• **What to work on**: Repeat every record exactly, but omit the images.

• **Source material**:
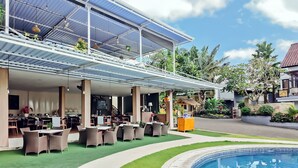 Un restaurant amb terrassa, piscina i zona coberta amb plantes.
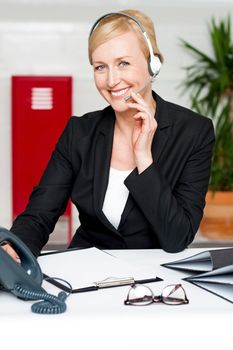 Smiling customer support staff holding mic and communicating sitting in office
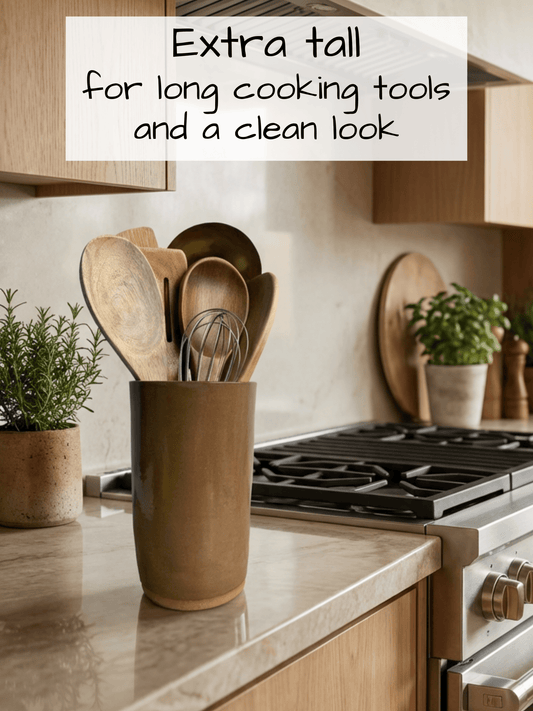 Kitchen counter with a brown handcrafted ceramic utensil holder containing wooden utensils, text overlay about height and appearance.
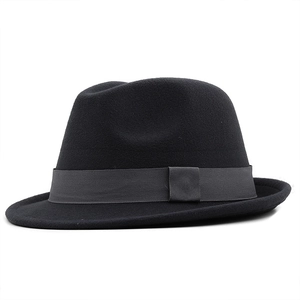 Detail of dark gray grosgrain ribbon band on a black wool felt fedora jazz hat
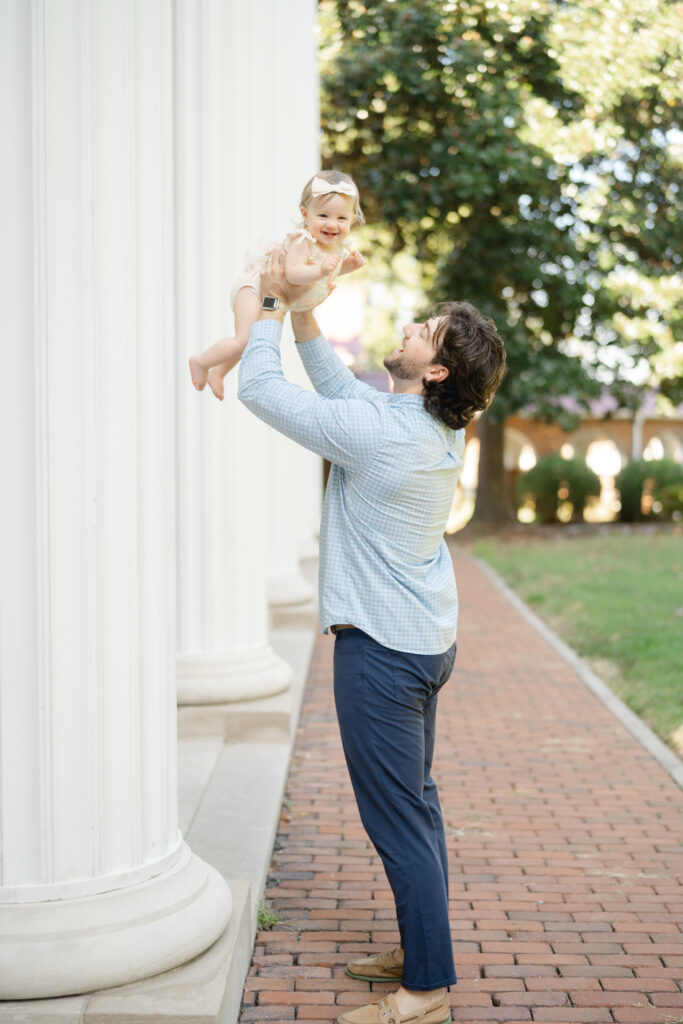 Father lifting his daughter into the air outside near tall columns as she laughs joyfully.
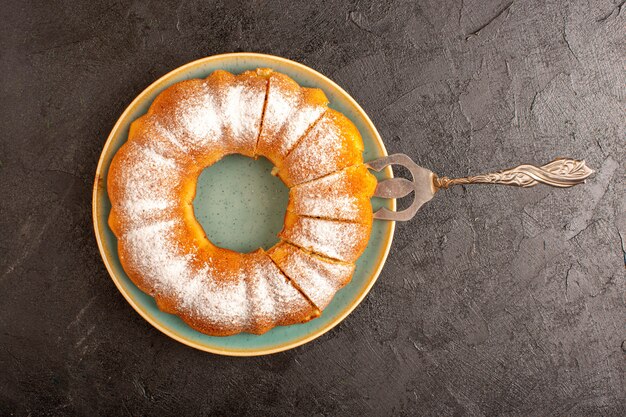 Een bovenaanzicht zoete ronde cake met suiker poeder op de top gesneden zoete heerlijke geïsoleerde binnen plaat en grijze achtergrond koekje suiker koekje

• **Expected output**:
 Un restaurant amb terrassa, piscina i zona coberta amb plantes.
 Smiling customer support staff holding mic and communicating sitting in office
 Kitchen counter with a brown handcrafted ceramic utensil holder containing wooden utensils, text overlay about height and appearance.
 Detail of dark gray grosgrain ribbon band on a black wool felt fedora jazz hat
 Father lifting his daughter into the air outside near tall columns as she laughs joyfully.
 Een bovenaanzicht zoete ronde cake met suiker poeder op de top gesneden zoete heerlijke geïsoleerde binnen plaat en grijze achtergrond koekje suiker koekje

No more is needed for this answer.